Mr Carter interruppe per un attimo il suo dicorso per estrarre dalla tasca un pacchetto di sigari cubani e dopo averne acceso uno e riempito dell'aroma di tabacco tutto l'ambiente, con uno sbuffo, proseguì.
«Ho passato la vita a fare ciò che detestavo, e per di più lo facevo male, mentre tutte le mie capacità migliori restavano inutilizzate, intrappolate in una società che, al di sotto delle frasi fatte di circostanza, non vuole riconoscere il merito, non è interessata valorizzare ciò che un uomo sa fare meglio, perché l’obiettivo non è la crescita ma la conservazione del potere. E raramente un uomo di valore, che per essere tale deve essere un campione del libero pensiero e navigare lontano dal mare dei pregiudizi, può essere strumentale a chi comanda. Un uomo libero non si fa manipolare, e se non sei manipolabile o ricattabile diventi un pericolo e, perciò, chi è al potere trova il modo di metterti fuori gioco, con le buone o con le cattive; sia che tu viva in una democrazia o in una dittatura. Variano solo i metodi, non la sostanza. »
Fece un'altra pausa. Respirò. «Mentre tu disegni la tua strada con i sogni, Samuel, la Vita ne disegna un’altra con strumenti diversi. Raramente coincidono.»

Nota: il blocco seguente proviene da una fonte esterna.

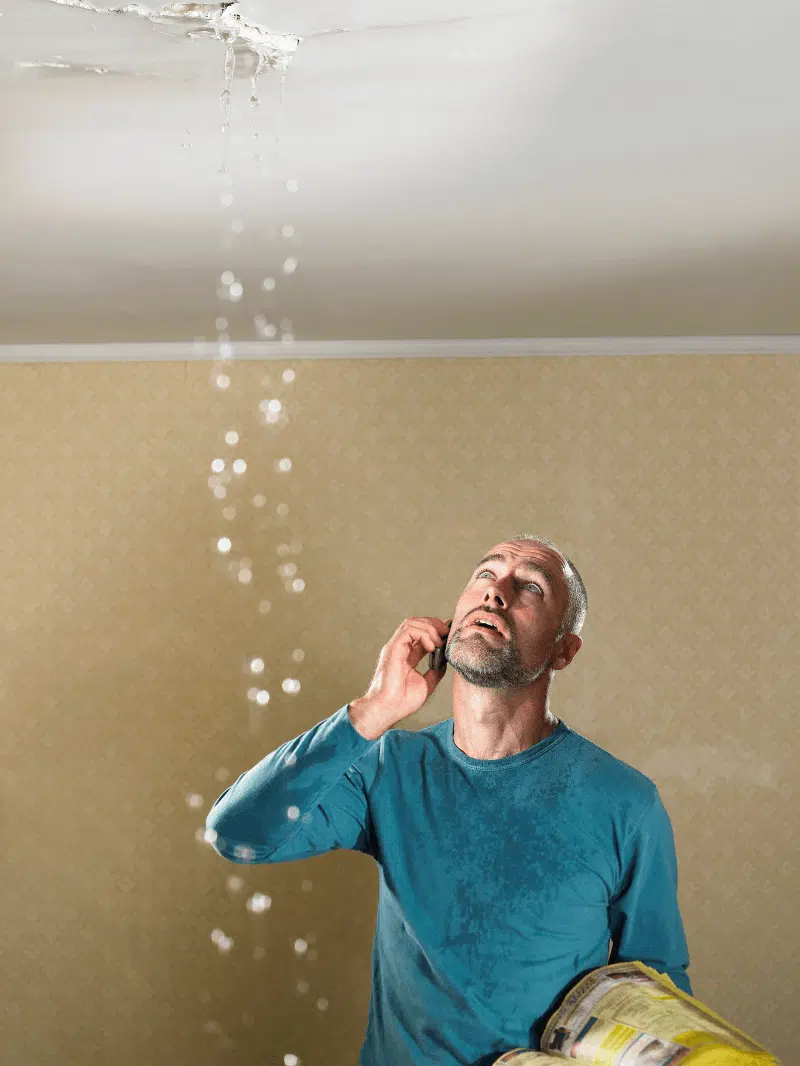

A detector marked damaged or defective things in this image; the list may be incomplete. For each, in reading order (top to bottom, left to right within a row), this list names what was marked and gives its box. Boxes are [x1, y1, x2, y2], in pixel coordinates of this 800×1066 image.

damaged ceiling [1, 0, 800, 343]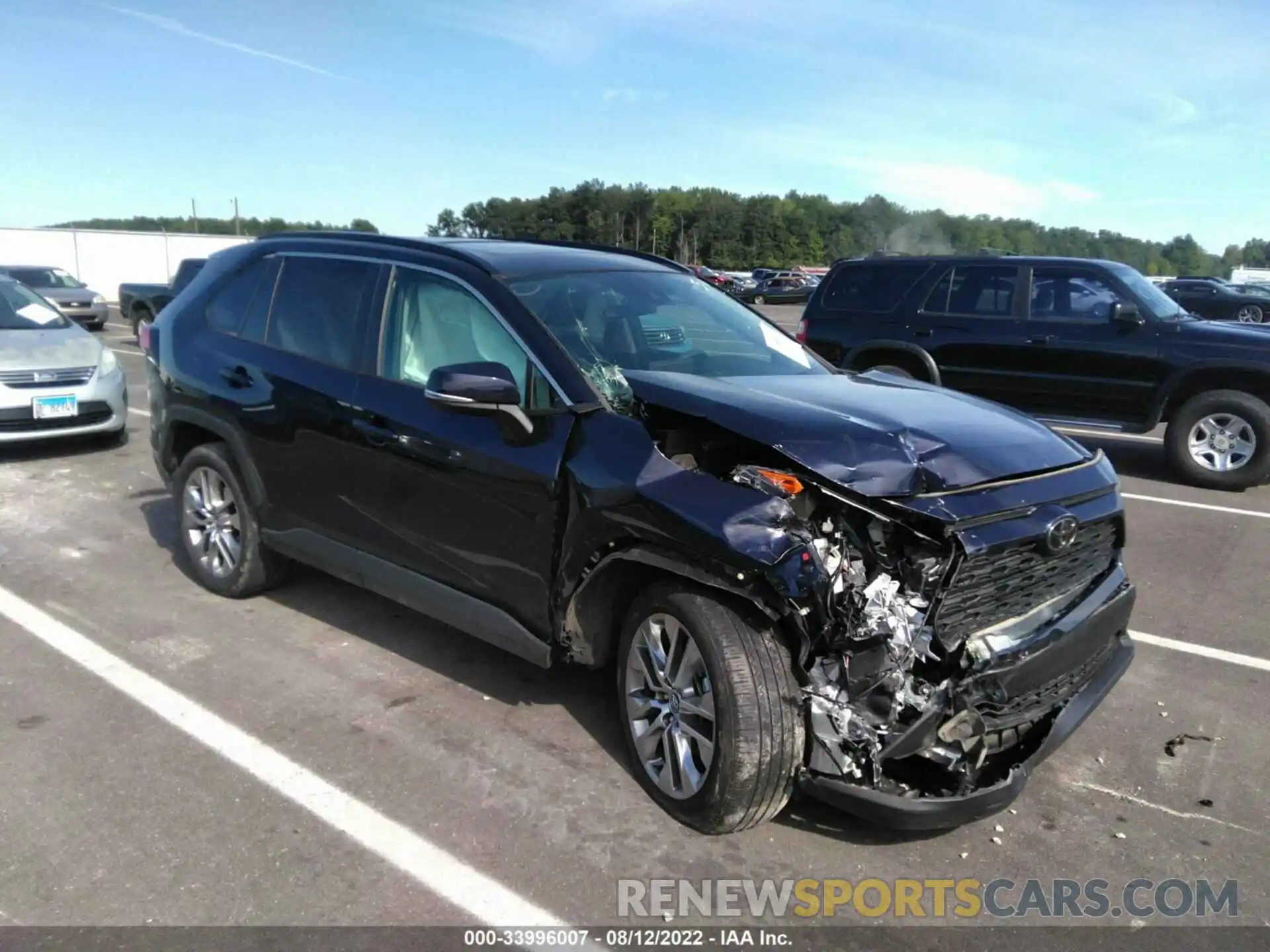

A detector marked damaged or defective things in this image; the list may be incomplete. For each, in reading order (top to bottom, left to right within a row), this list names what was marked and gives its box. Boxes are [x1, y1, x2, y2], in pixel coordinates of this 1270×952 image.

Alzò gli occhi al cielo e poi, inspirando profondamente sorrise appena, come se scherzasse con se stesso e si rivolse di nuovo a Samuel:
«Ma la vita… la vita ha un modo tutto suo di insegnarti che, qualunque strada tu scelga, anche quella apparentemente giusta, col tempo, tende a diventare ordinaria. Tutto ciò che ora ti sembra straordinario — i successi, le possibilità, perfino i tuoi sogni — finirà per diventare acquisito, scontato. Ti concentrerai sempre su ciò che non funziona, su ciò che manca, e dimenticherai quanto hai avuto.»
Mr. Carter, abbassò il capo per un istante, quasi avesse vergogna per quanto aveva detto, ma poi riprese senza tentennamenti ciò che stava per diventare una confessione.
«Io, con i miei compromessi… ho visto svanire molte possibilità di dare il meglio di me. Probabilmente molte più di quante ne avrei potuto cogliere, ma mi hanno anche portato fin qui, a un’età in cui posso osservare i ragazzi come te, parlare della vita senza ansia, senza fretta… a fare il mentore. E in questo, credimi, c’è una forma di pace. Una pace che non vale meno dei sogni, solo perché arriva con i capelli grigi e meno strada da percorrere in avanti.»
Poi abbassò lo sguardo sulle mani, più a se stesso che a Samuel.
«La natura umana è così: sempre pronta a desiderare ciò che non ha, a rimpiangere o mitizzare ciò che ha perso, a trascurare le conquiste che invece ha ottenuto. Fa parte del gioco, ma comprenderlo significa uscirne vincitori, perchè solo così puoi imparare a scegliere senza essere schiacciato dalla paura del futuro e, soprattutto, a godere nel presente di ciò che hai saputo comunque costruire.»
Il vecchio ufficiale dell'anagrafe di Little Rock continuava a sbuffare tabacco come il camino di una locomotiva lanciata a tutta velocità verso il capolinea di un viaggio nel selvaggio West.
« E c’è un’altra verità che devi sapere. Forse, arrivando a New York, scoprirai che ciò che inseguivi non era la tua vera vocazione. Forse ami solo l’idea di essere un attore, mentre il mondo reale del cinema, delle audizioni, dei rifiuti continui, non è affatto quello che avevi immaginato e potrebbe richiederti compromessi ben più grandi con la tua coscienza. Oppure la tua vocazione è autentica, ma per qualcosa che al mondo non interessa, qualcosa che non ha spazio, e che nessuno sarà disposto a coltivare. E questo non è una condanna: è solo un modo della vita per ricordarti che i sogni spesso esistono al di là della realtà, e che affrontare questa distanza è parte del prezzo che si paga per vivere.»
Samuel abbassò lo sguardo, le mani strette attorno alla valigia.
«Ho paura, Mr. Carter. Paura di fallire, paura di scoprire che non sono abbastanza, paura di buttare via anni preziosi.»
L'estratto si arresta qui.